Sunday, Jan. 7, 2018 10:15 AM - 12:15 PM

Marriott Philadelphia Downtown, Meeting Room 308
Hosted By: American Economic Association
  • Chair: Imran Rasul, University College London

An Empirical Analysis of Racial Differences in Police Use of Force

Roland Fryer Jr.
,
Harvard University

Abstract

This paper explores racial differences in police use of force. On non-lethal uses of force, blacks and Hispanics are more than fifty percent more likely to experience some form of force in interactions with police. Adding controls that account for important context and civilian behavior reduces, but cannot fully explain, these disparities. On the most extreme use of force –officer-involved shootings – we find no racial differences in either the raw data or when contextual factors are taken into account. We argue that the patterns in the data are consistent with a model in which police officers are utility maximizers, a fraction of which have a preference for discrimination, who incur relatively high expected costs of officer-involved shootings.

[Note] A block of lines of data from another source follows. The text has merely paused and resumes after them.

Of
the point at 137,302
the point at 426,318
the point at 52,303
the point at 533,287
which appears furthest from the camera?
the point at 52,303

Intergenerational Effects of Incarceration

Gordon Dahl
,
University of California-San Diego

Abstract

An often overlooked population in discussions of prison reform is the children of inmates. How a child is affected depends both on what incarceration does to their parent and what they learn from their parent's experience. To overcome endogeneity concerns, we exploit the random assignment of judges who differ in their propensity to send defendants to prison. Using rich longitudinal data for Norway, we find that imprisonment has no effect on fathers’ recidivism but reduces their employment by 20 percentage points. We find no evidence that paternal incarceration affects a child's criminal activity or school performance.

Hispanic-White Sentencing Differentials in the Federal Criminal Justice System

Imran Rasul
,
University College London

Abstract

In the Federal criminal justice system, large differences in sentencing outcomes exist between Hispanic and White defendants. A candidate explanation is ingroup bias causing `outsiders' (Hispanics) to be treated differently to `insiders' (Whites). To probe this explanation we exploit 9-11 as an exogenously timed cue heightening the salience of insider-outsider differences in American society. Based on linked administrative data covering 230,000 criminal cases from time of arrest through to sentencing, we use a DiD research design based on defendants all of whom were arrested pre 9-11, but some whose cases were sufficiently far advanced along the system so as to come up for sentencing pre 9-11, while others had only just entered the system pre 9-11, and so were sentenced post 9-11. We document that among those sentenced post 9-11, Hispanic-White judicial sentencing differentials are further exacerbated relative to these sentenced pre 9-11, while Black-White sentencing differentials are unaffected. Our data and research design allows us to further document the differential treatment of Hispanic defendants by prosecutors in pre-sentencing stages of the CJS, such as with regards to the initial offense charges they set. Finally, we collate bibliographical information on judges and document that in districts with a higher proportion of Hispanic judges, the Hispanic-White sentencing differential is significantly reduced, consistent with judges' ingroup biases driving their sentencing decisions. Our results provide insights into the magnitude, channels and potential origins of Hispanic-White sentencing differentials in the Federal criminal justice system.